---------- DATASET EXTRACT
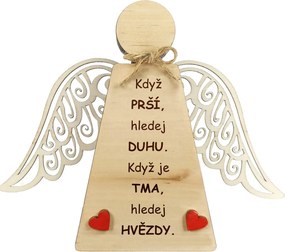 AMADEA Drevený anjel stojaci s krídlami a motivačným textom, masívne drevo, 18 x 15 cm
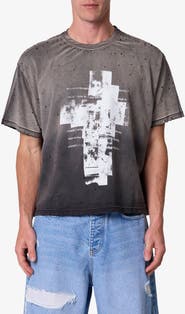 mnml Fractured Graphic Distressed T-Shirt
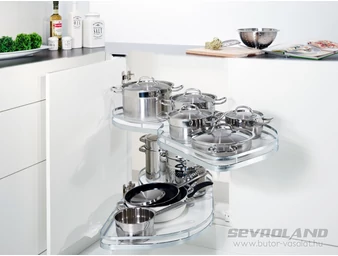 LeMans II Arena Style króm/fehér sarokpolc jobbos + 600/750 tengely szett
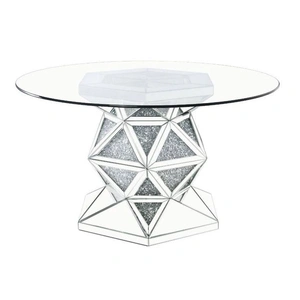 ACME Glam Noralie 72145 Glass/Mirror Round Dining Table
--------------------
TASK GOAL ::
Output, exactly and without pictures, the span of lines that starts at the line containing "LeMans II Arena" and ends at the last line above.

WRITTEN ANSWER ::
 LeMans II Arena Style króm/fehér sarokpolc jobbos + 600/750 tengely szett
 ACME Glam Noralie 72145 Glass/Mirror Round Dining Table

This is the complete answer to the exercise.